Бихевиоралисты и нормативисты, контекстуалисты и сторонники 'рационального выбора' нередко забывали, что политические институты представляют собой сложнейшие организации и ансамбли отношений между отдельными людьми, качественно не сводимые ни к абстрактным макросистемам, ни к микроповедению индивидов и групп, а занимающие как бы срединное положение между ними. Марч и Олсен делают отсюда важный вывод, что хотя 'концепция институтов никогда не исчезала из теоретической политологии, в последние года произошло все же мощное се вытеснение неинституциональными теориями политической жизни'27. Отметим здесь, что это замечание распространяется скорее на американскую, чем на европейскую политическую теорию, где, как мы могли убедиться, интерес к политическим институтам не ослабевал. В то же время неоинституционалисты внесли существенный вклад в осмысление вопросов об организационных иерархиях, нормах и правилах, процедурах и регламентах, 'скрепляющих' деятельность политических институтов.

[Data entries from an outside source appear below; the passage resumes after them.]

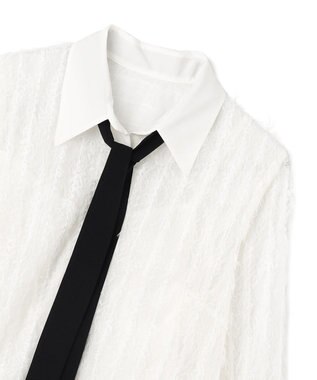 GRACE CONTINENTAL フリンジレースタイ付ブラウス ホワイト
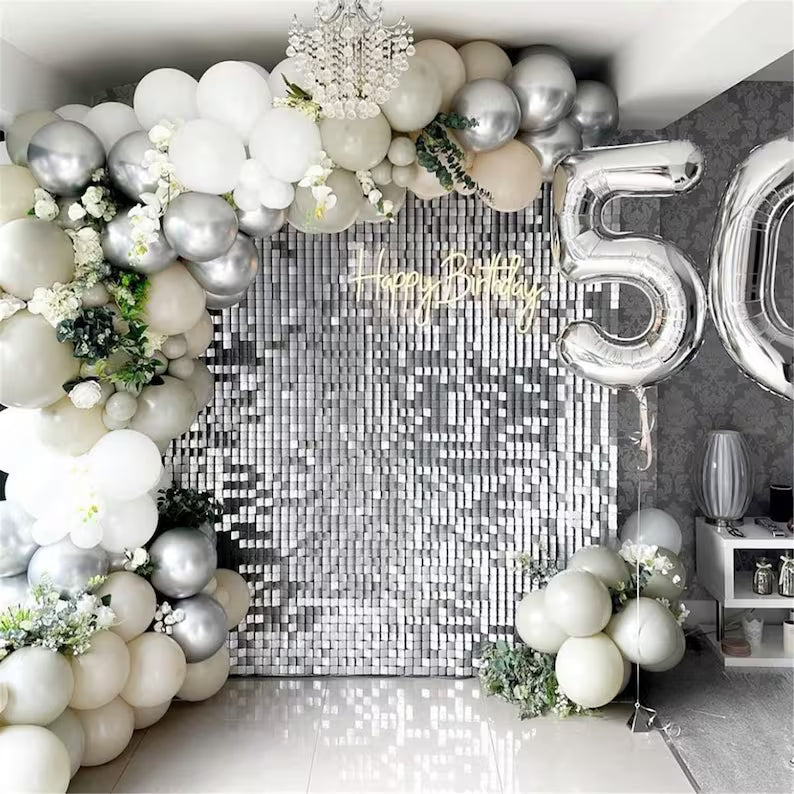 Silver Shimmer Wall Rental in Atlanta | WOW Event Rental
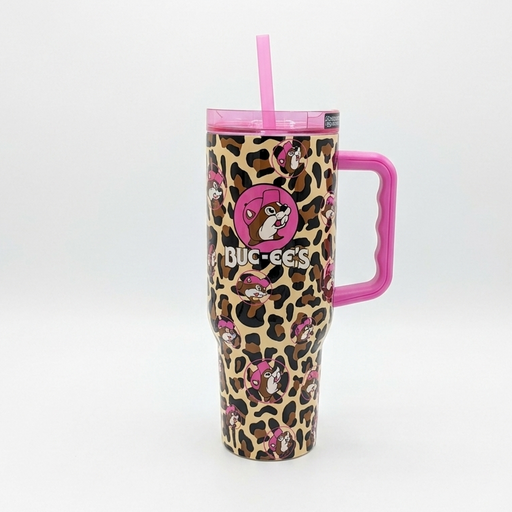 Buc-ee's Leopard Tumbler front view.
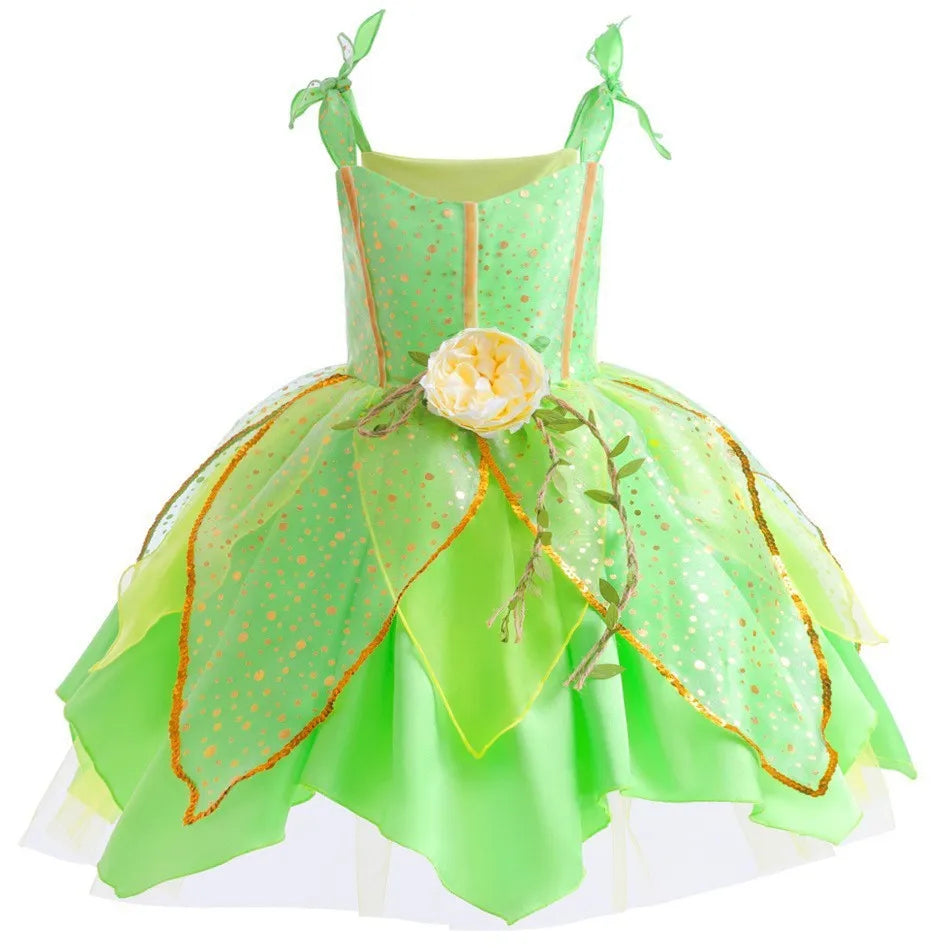 Enchanting green forest fairy dress with wings for girls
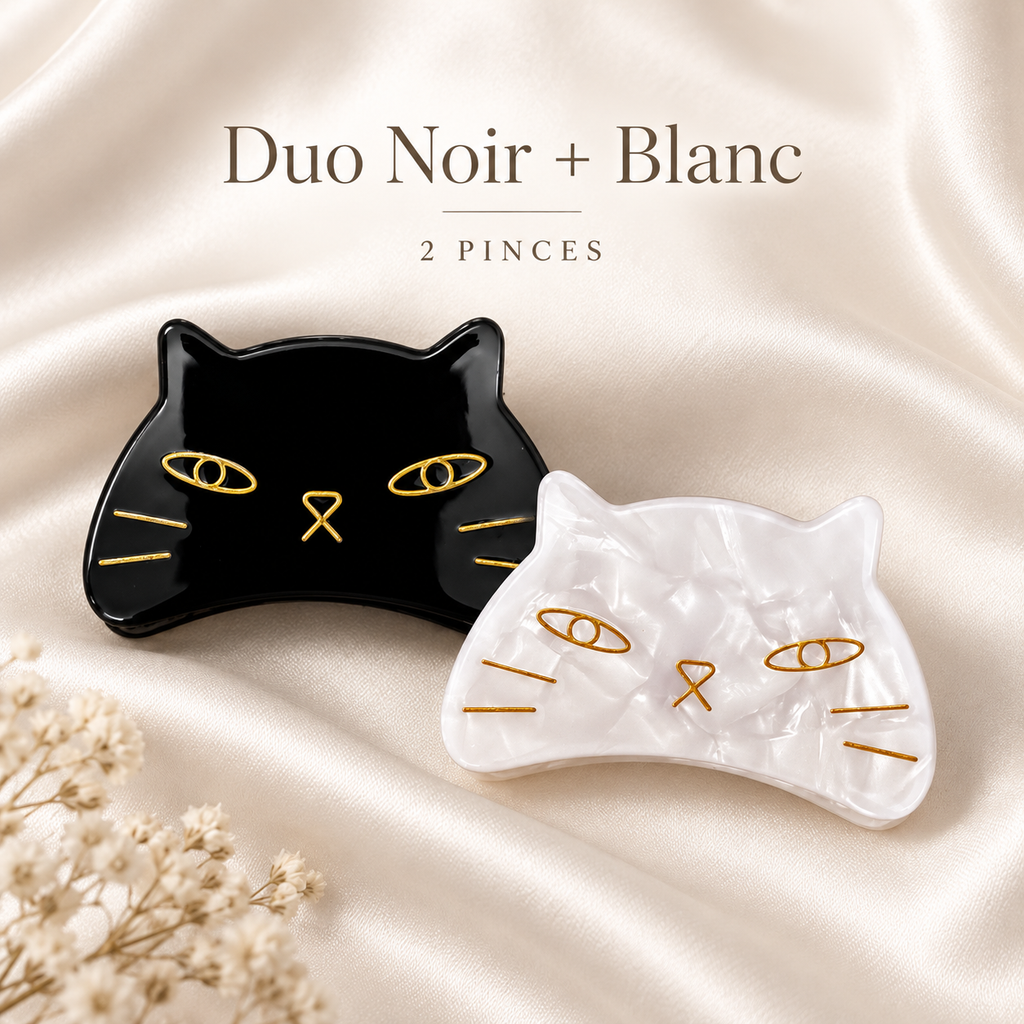 Pinces à cheveux Chat Catezya – duo noir et blanc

Разрыв между изучением поведения (или деятельностью) индивидов в сфере властных отношений и общественными институтами власти и влияния, то есть макро- и микроуровнями политической жизни, образовавшийся еще в 50-е годы (между бихевиоральным и функциональным подходами), не преодолен и в политологии конца XX века. Этот пробел между индивидуальным поведением людей и институтами человеческих сообществ, по мнению американского социолога Дж. Коулмена, должен быть заполнен переходным механизмом так называемого 'институционального дизайна' (institutional design), то есть особый инструмент 'микро-макро перехода' позволяет продвинуться от понимания содержания индивидуального политического действия к его осуществлению в структуре совокупного макрополитического процесса28. Властное общение между людьми, взаимоотношения контроля управляющих с влиянием управляемых приводят к образованию таких организованных макрообщностей, как институты государства, где субстанция власти оформляется в сложнейшие иерархизированные системы, основывающиеся на принципах самоорганизации и саморегуляции, а также негосударственных институтов, выступающих в качестве активных агентов политических отношений.